Vingt-cinq ans plus tard, une exposition singulière « Images muettes, humour vache, objets bavards », installée à la ferme de la Prioudière se donne pour objet la recherche d’une esthétique du monde agricole menée sur la base d’un travail sur la vache laitière (fresques) et sur l’outillage agricole (assemblages).
Avec les fresques murales, c’est une exposition sur les vaches et conçue pour les vaches : dans leur déambulation quotidienne au sein de la ferme, les vaches passeront inévitablement devant la plupart d’entre elles, tant il est vrai que les sentiers de la création doivent croiser à cette occasion ceux de la production. Les fresques sont réalisées en deux couleurs de façon à évoquer la robe des vaches : sombre pour les Prim’holstein ou brune pour les Normandes.Chaque image isole une partie de l’anatomie de l’animal et l’associe à un élément exogène : ici une corne tutoie la lune, là les taches de la robe se fondent dans les nuages ou se confondent avec un pommier, ailleurs le trayon devient rayon solaire. « Vache à la traite » et « Traite à la main » en associant la main de l’homme au pis de la vache constituent un double hommage : au paysan qui jusqu’à peu trayait à la main, et à l’artiste qui voici trente mille ans signait ses peintures d’une main négative ou positive.

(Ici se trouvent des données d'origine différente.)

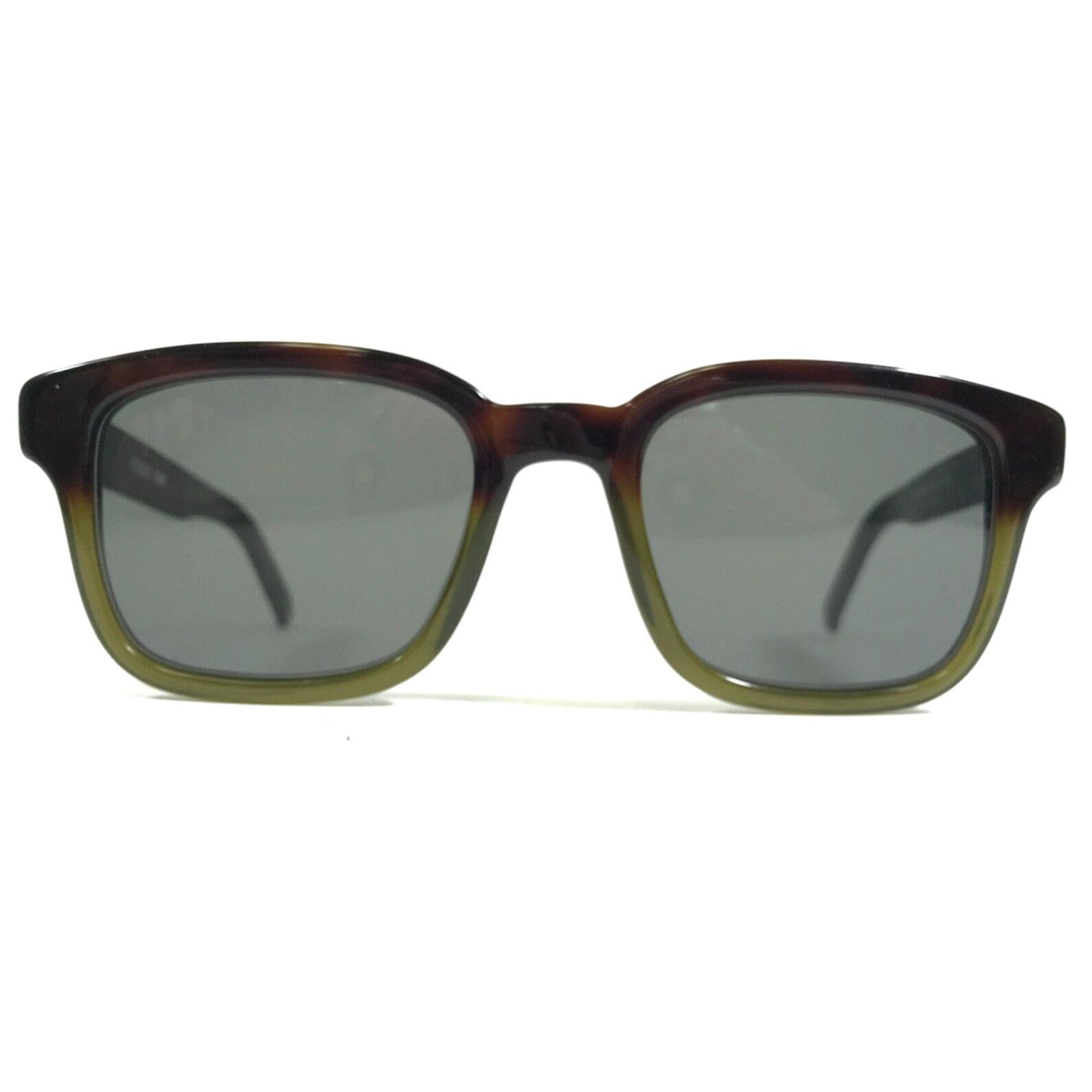 Frame Robert Marc Green Tortoise Square Eyeglasses Featuring Gray Lenses in Elegant Framing ...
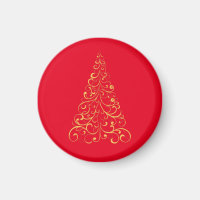 Árvore de natal feliz - vermelho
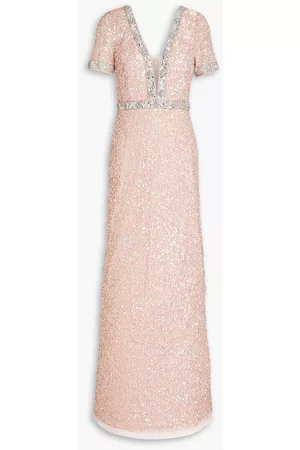 Aidan Mattox Women Evening dresses - Embellished tulle gown - Pink - US 2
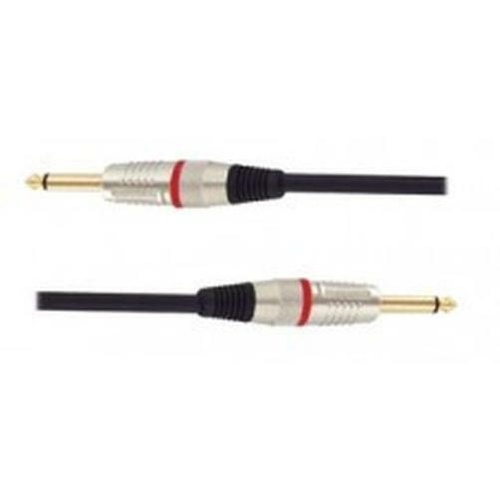 Carson Rocklines 30 Foot Black Speaker Lead Cable Straight Diecast Plug  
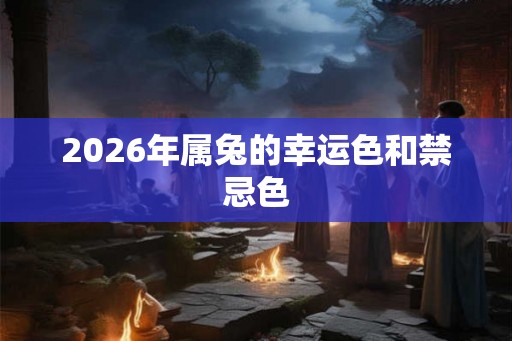 2026年属兔的幸运色和禁忌色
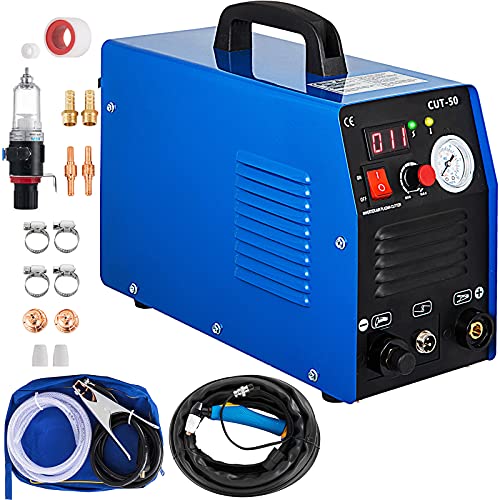 NOVE Plasmaschneider CUT-50 HF Inverter Plasmaschneidgerät,12 mm Schneidleistung Cutter 50 Amp Schneidgerät Metallschneider, 220V Ausschnitt Maschine Cutting Cutter Zubehörsatz Heimwerkerarbeiten von NOVE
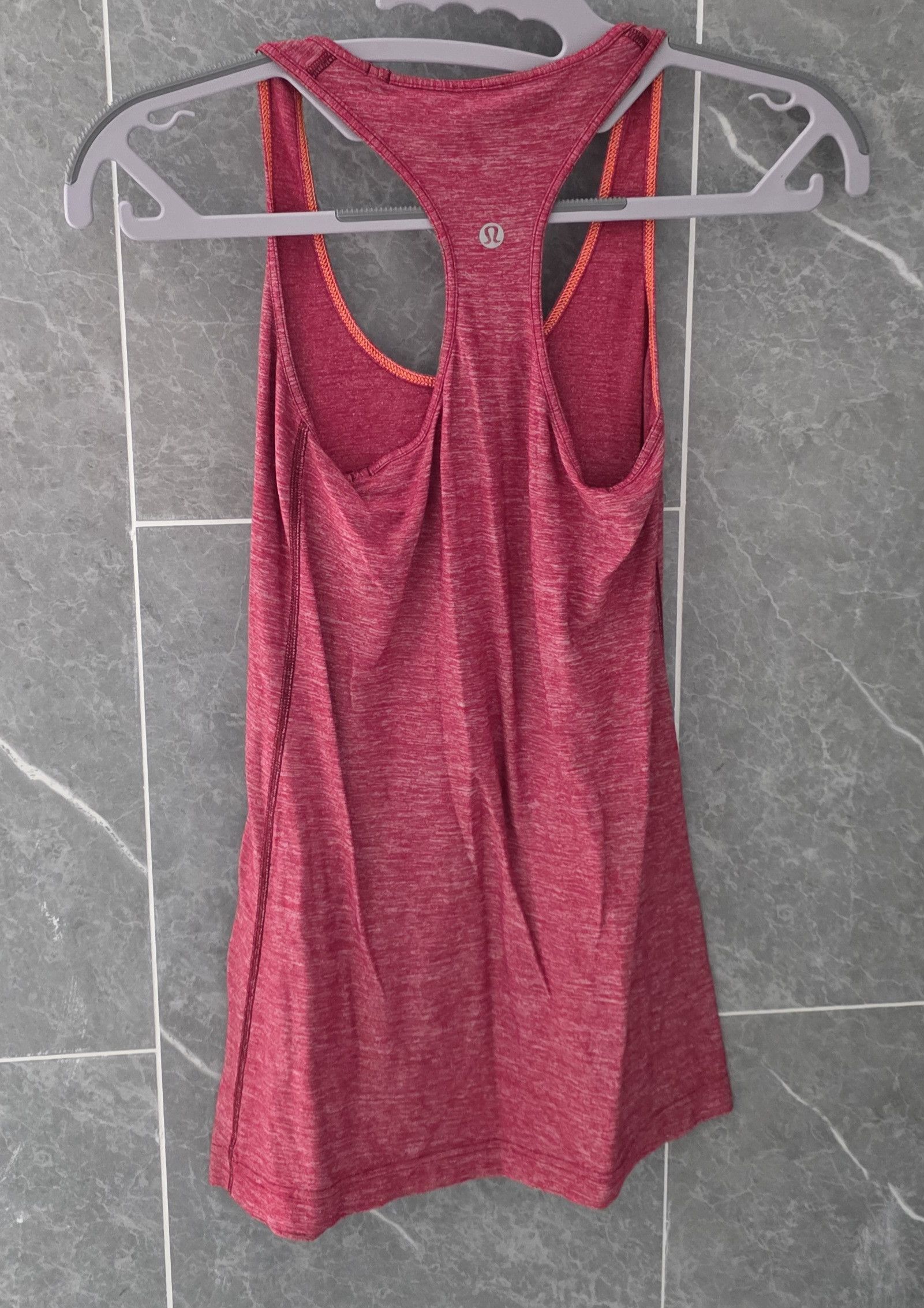 Lululemon Lululemon Cool Racerback Heathered Cranberry Tank Est 2 Size XS / US 0-2 / IT 36-38 - 2 Thumbnail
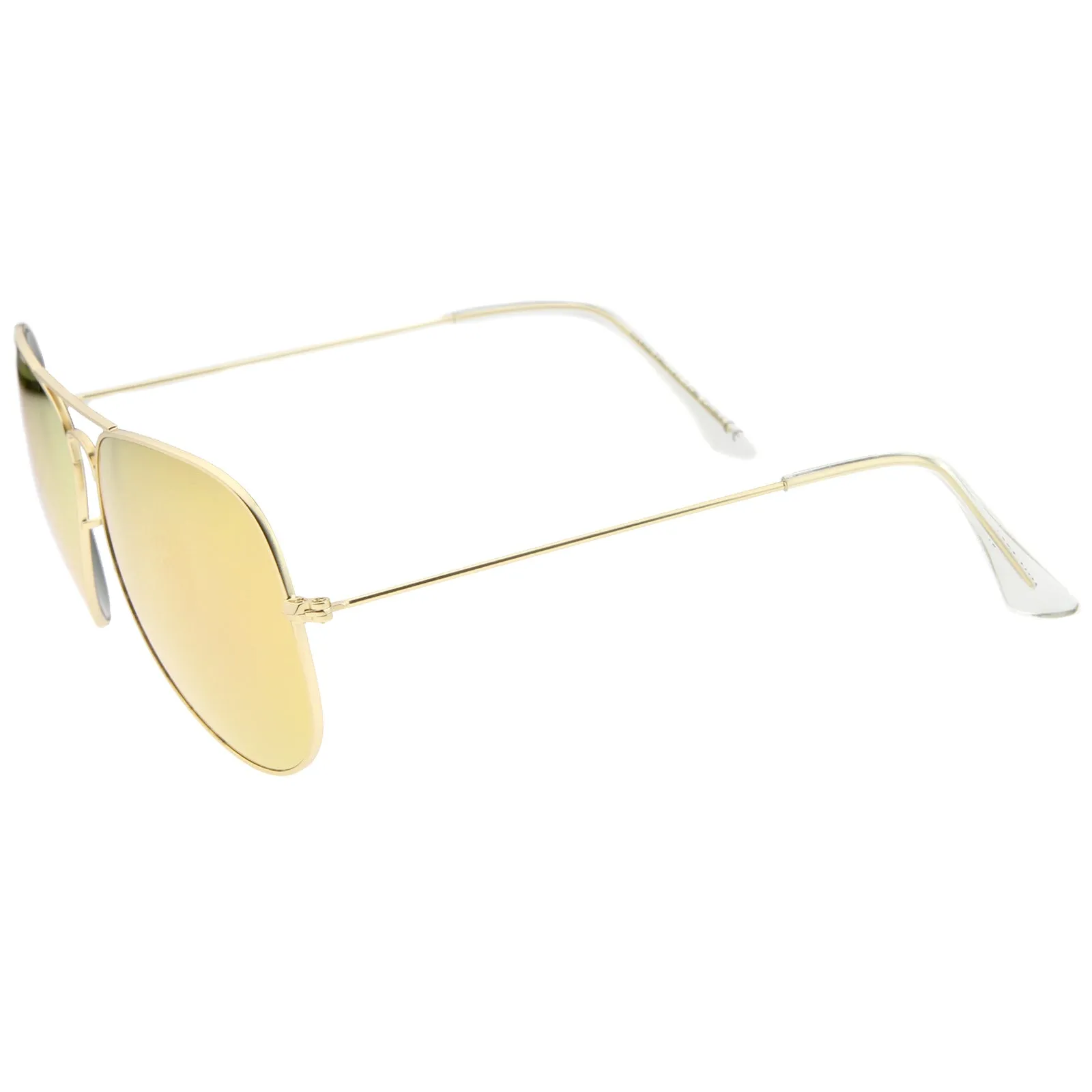Oversize Premium Design Matte Metal Aviator Sunglasses 61mm A805 sold by ZeroUV product image thumbnail 3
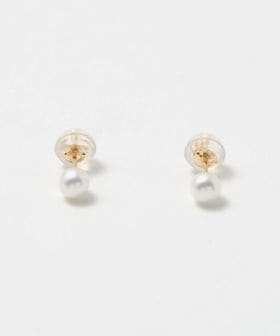 BEAUTY&YOUTH/K10 淡水パール ピアス/4mm/ピアス（両耳用）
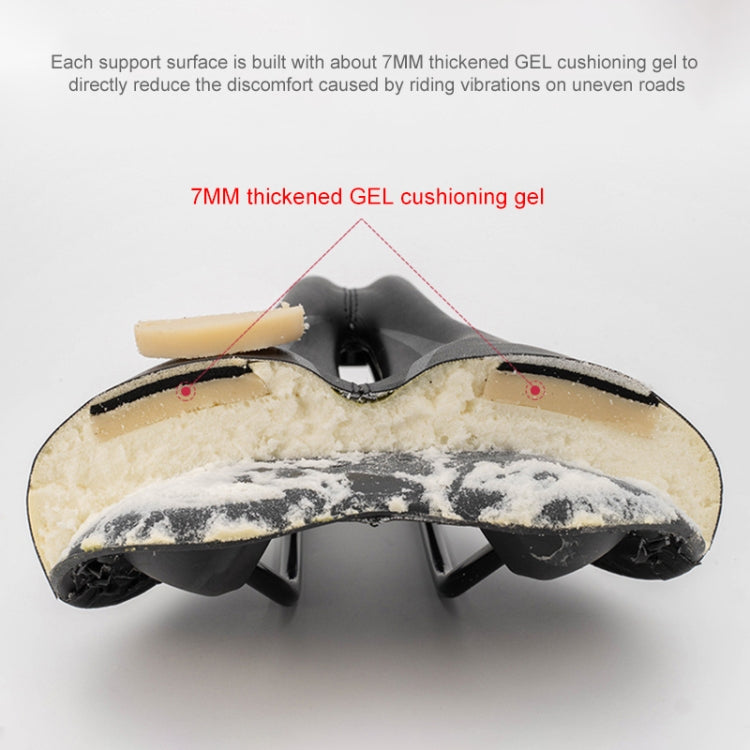 PROMEND SD-567 Hollow Breathable Silicone Racing Bicycle Saddle, SD-567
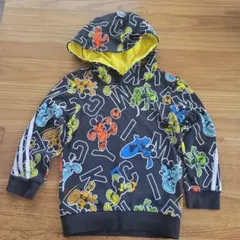 adidas ミッキー柄 パーカー 110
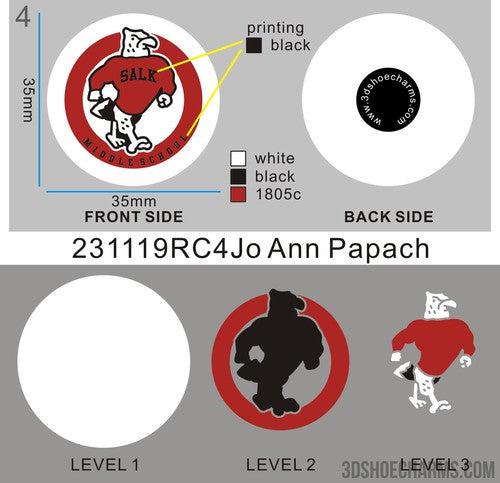 18-custom shoe charm-231119RC4Jo Ann Papach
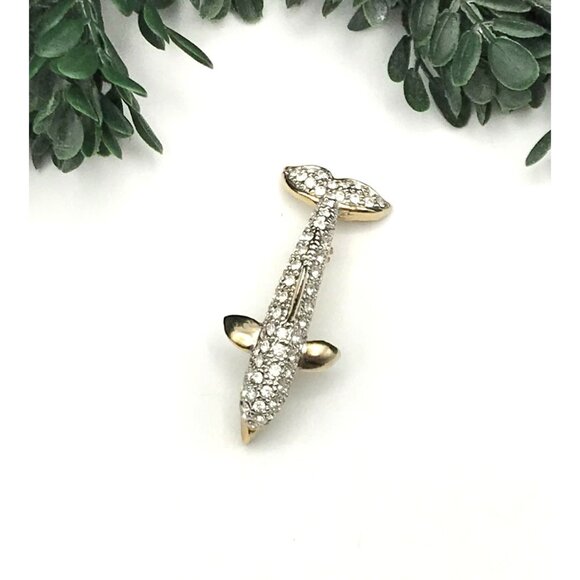 Dolphin Crystal Rhinestone Brooch Pin Jewelry Elegant Accessory - Picture 12 of 15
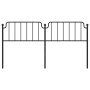 Cabecero de metal negro 180 cm de , Cabeceros y pies de cama - Ref: Foro24-373923, Precio: 33,61 €, Descuento: %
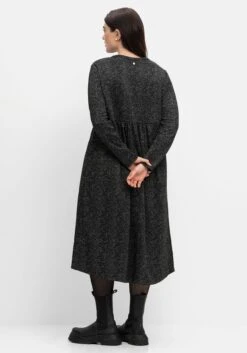 Sheego Jerseykleid In Salz-und-Pfeffer-Optik 10 Sheego Jerseykleid In Salz-und-Pfeffer-Optik -Sheego Verkaufsgeschäft 14572400289 04IWR 02 SH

Avec les assemblages, c’est aussi une exposition conçue sur les outils du paysan, avec les outils des paysans et pour le paysan lui-même : fourches, pelles, râteaux, dents de faneuse ou de faucheuse, truelles, faux et faucilles, socs, herses, crocs, griffes, etc. Ces outils, collectés dans les fermes, les déchetteries ou les casses ont un point commun : après usage et une fois dépossédés de leur fonction première, ils deviennent comme les témoins fossilisés d’une destinée individuelle (celle des anonymes qui les ont utilisés) désormais abolie mais à laquelle l’assemblage va redonner un sens inédit. La matière de l’objet ne change pas (métal), seule sa forme évolue, revisitée par l‘assemblage, après que l’usure, la rouille et la corrosion ont également fait leur travail de décomposition. L’outil du paysan, abandonné parce qu’usé est remis à l’ordre du jour par la vertu de l’assemblage : l’obsolescence de l’un fait la poésie de l’autre.